TO DO = Using the records below, copy exactly the part that opens with the line holding "Congress Leader Koustav Bagchi" and closes with the line holding "Robert Graham Men's", minus the pictures.

[DATA Boundary: Start]

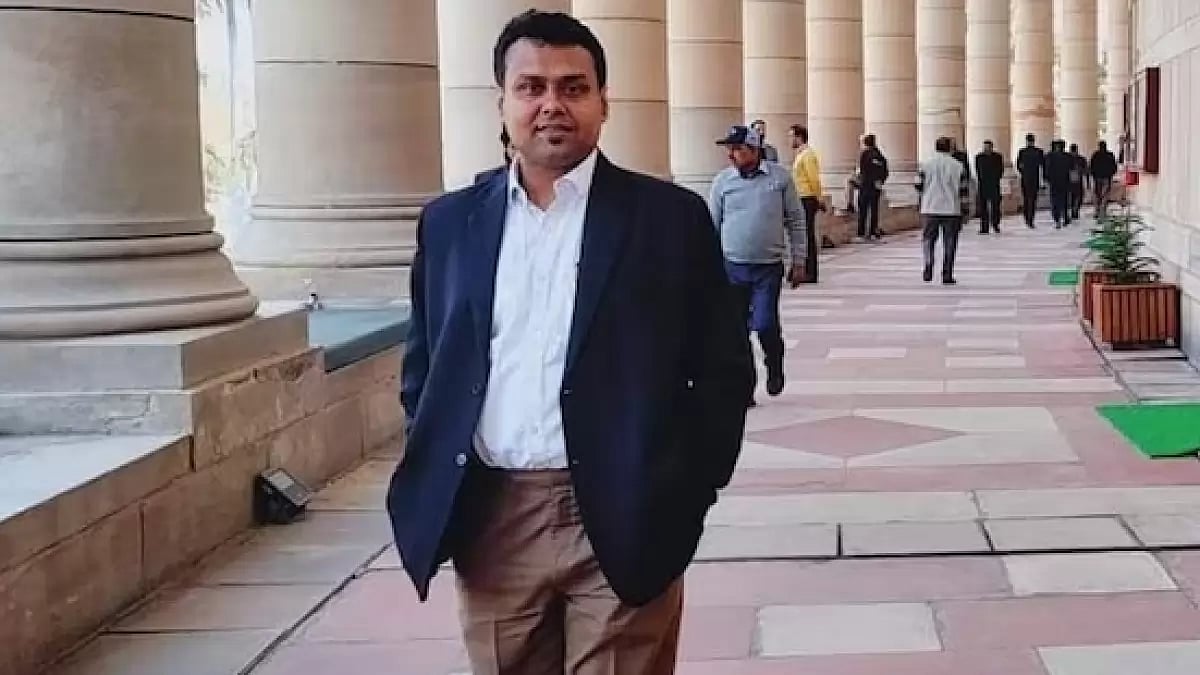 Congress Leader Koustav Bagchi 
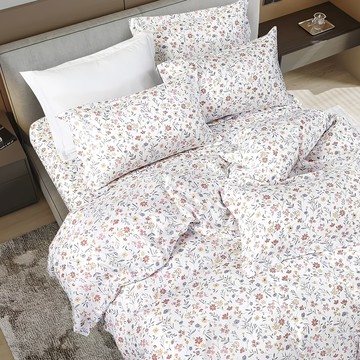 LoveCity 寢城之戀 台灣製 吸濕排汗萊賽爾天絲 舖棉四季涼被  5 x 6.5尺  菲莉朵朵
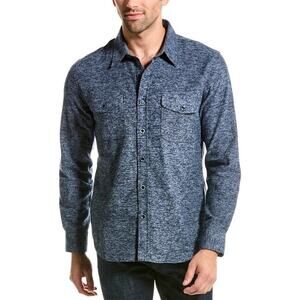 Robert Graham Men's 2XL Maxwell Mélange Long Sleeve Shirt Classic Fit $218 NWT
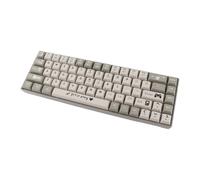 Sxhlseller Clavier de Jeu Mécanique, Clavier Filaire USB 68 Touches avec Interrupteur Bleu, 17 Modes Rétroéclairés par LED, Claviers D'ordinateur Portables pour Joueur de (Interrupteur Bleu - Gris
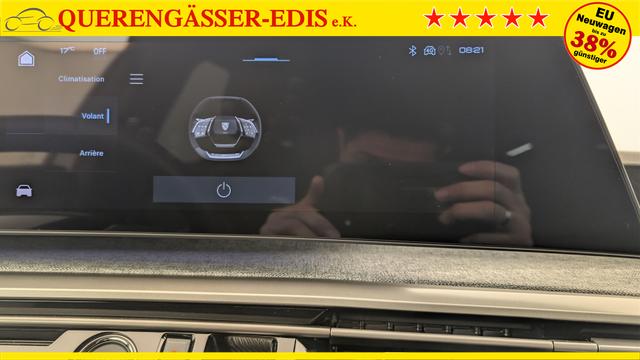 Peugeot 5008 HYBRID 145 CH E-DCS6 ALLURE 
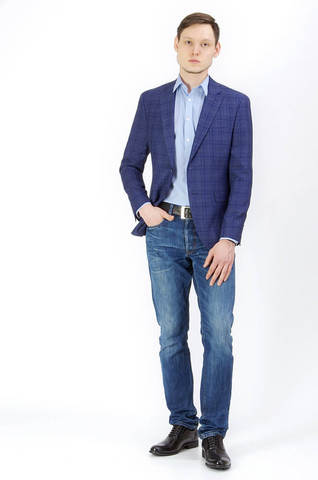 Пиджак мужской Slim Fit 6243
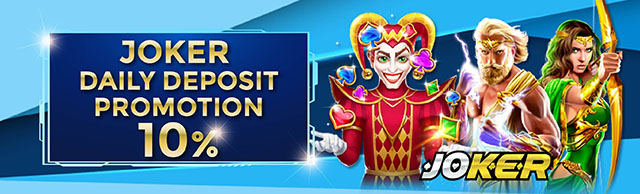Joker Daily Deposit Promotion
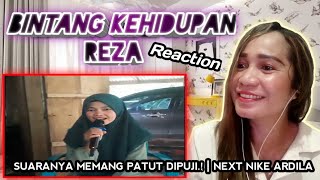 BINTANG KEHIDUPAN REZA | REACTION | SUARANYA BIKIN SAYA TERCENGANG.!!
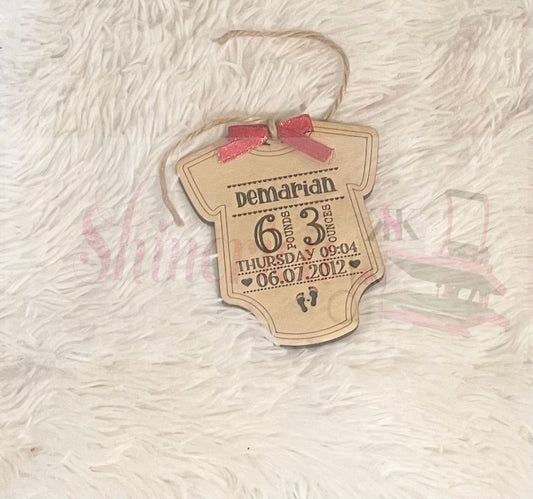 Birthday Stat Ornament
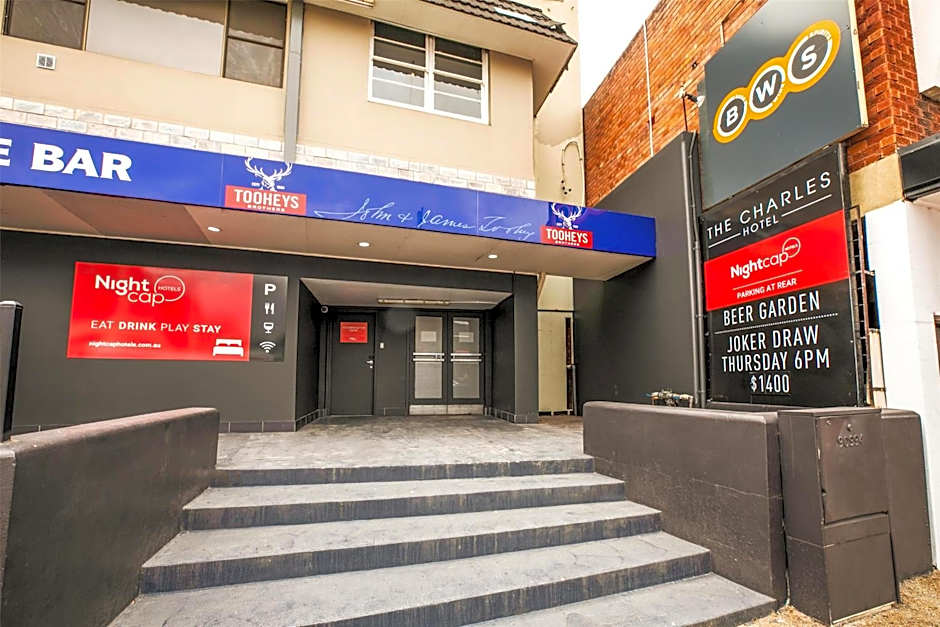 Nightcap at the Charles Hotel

[DATA Boundary: End]
[DATA Boundary: Start]

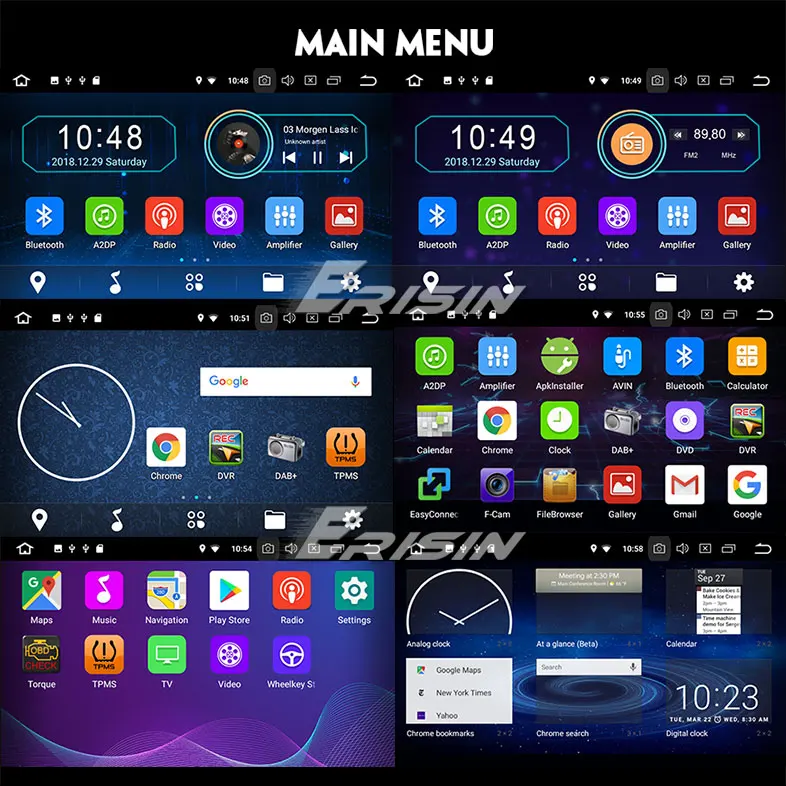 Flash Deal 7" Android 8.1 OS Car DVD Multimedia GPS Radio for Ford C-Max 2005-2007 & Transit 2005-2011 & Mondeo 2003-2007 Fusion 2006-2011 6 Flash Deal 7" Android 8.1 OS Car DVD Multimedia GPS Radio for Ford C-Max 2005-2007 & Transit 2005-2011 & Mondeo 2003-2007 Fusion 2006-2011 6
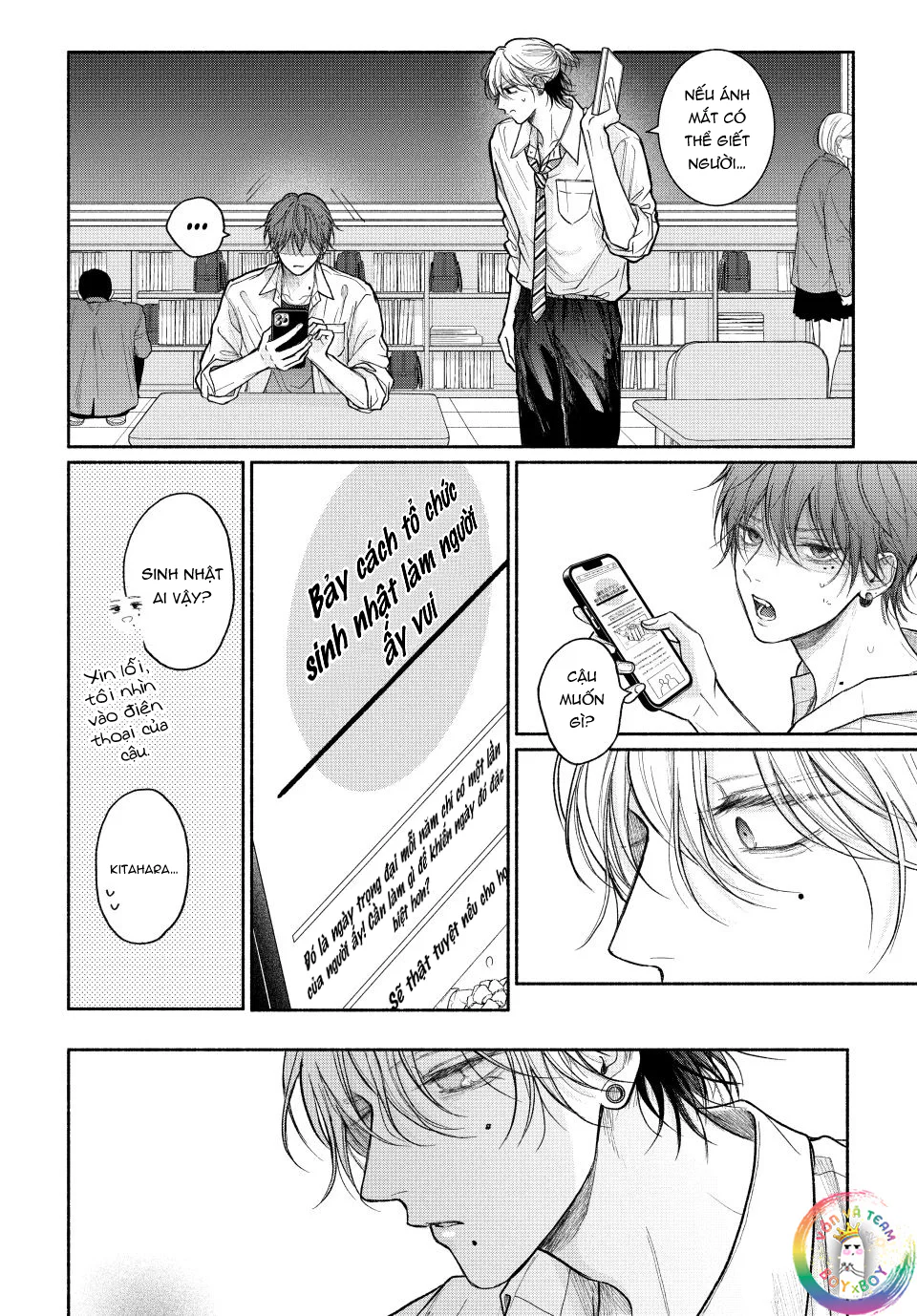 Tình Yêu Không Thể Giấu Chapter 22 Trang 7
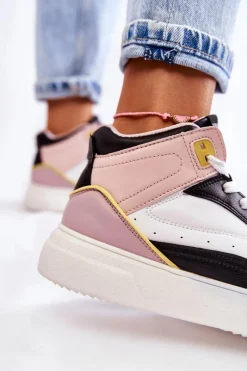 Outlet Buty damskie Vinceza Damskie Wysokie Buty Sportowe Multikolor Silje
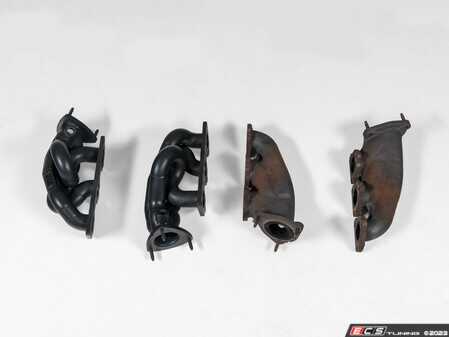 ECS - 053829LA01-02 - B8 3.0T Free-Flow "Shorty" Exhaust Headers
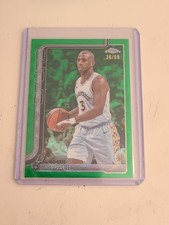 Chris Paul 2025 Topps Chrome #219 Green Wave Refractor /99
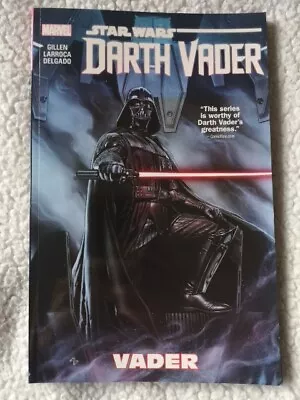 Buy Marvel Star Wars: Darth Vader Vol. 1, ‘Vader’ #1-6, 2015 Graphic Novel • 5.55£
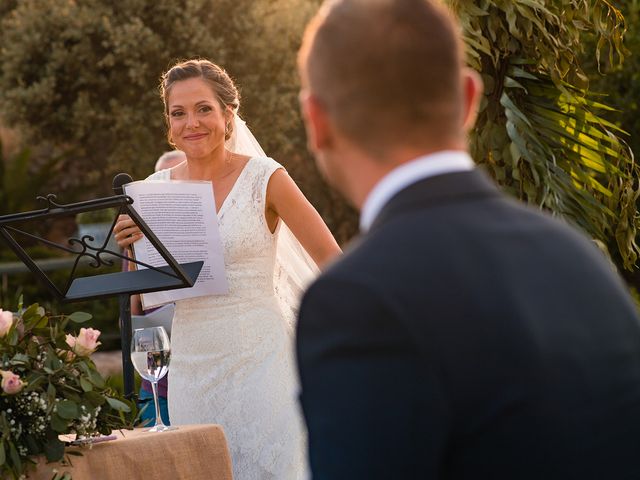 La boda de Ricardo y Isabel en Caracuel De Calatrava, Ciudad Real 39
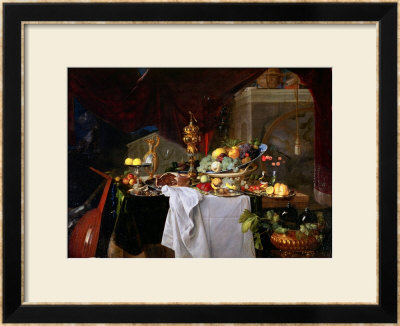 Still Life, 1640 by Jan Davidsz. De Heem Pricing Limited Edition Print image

[DATA Boundary: End]

WORKED SOLUTION =
 Congress Leader Koustav Bagchi 
 LoveCity 寢城之戀 台灣製 吸濕排汗萊賽爾天絲 舖棉四季涼被  5 x 6.5尺  菲莉朵朵
 Robert Graham Men's 2XL Maxwell Mélange Long Sleeve Shirt Classic Fit $218 NWT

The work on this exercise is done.